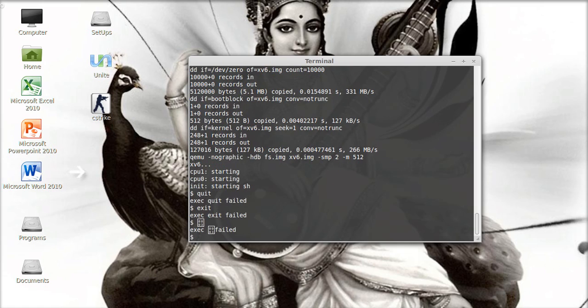So here is your xv6 running. Thank you for watching my video. See you again, bye bye.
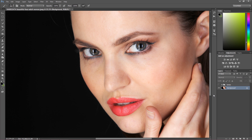Hi everyone, my name is Marcin and welcome to another Photoshop tutorial. In this video I'm going to show you how to fix the tones and correct the skin on your portrait image — and go from this to this.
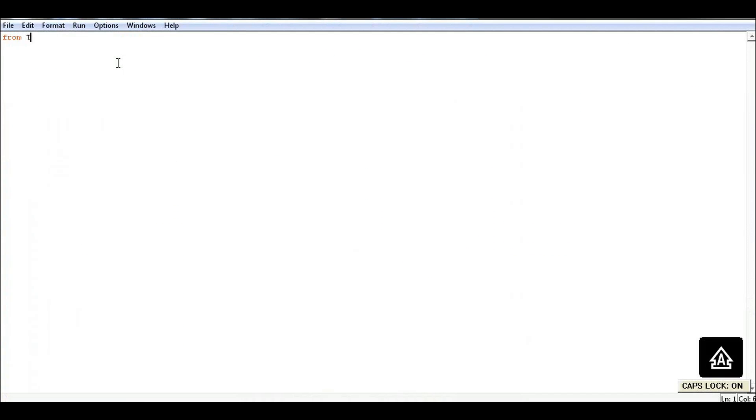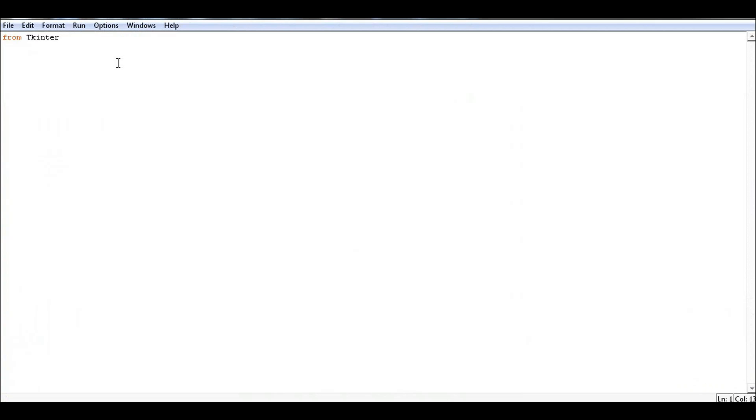So let's begin by importing the tkinter library. This will allow us to design our UI. And then let's define tkinter as master.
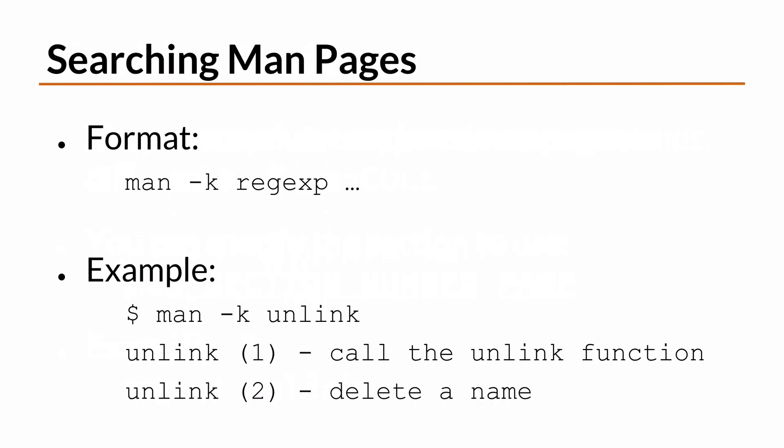You can search through MAN pages using the dash k option to the MAN command. MAN will display the sections in parentheses for each of the matching MAN pages. This is how you can tell if there is more than one MAN page for a given command.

##############################

Copy nothing but the lines from the line that contains "So let's begin" through the end of the listing, exactly, and keep pictures out of it.

So let's begin by importing the tkinter library. This will allow us to design our UI. And then let's define tkinter as master.
You can search through MAN pages using the dash k option to the MAN command. MAN will display the sections in parentheses for each of the matching MAN pages. This is how you can tell if there is more than one MAN page for a given command.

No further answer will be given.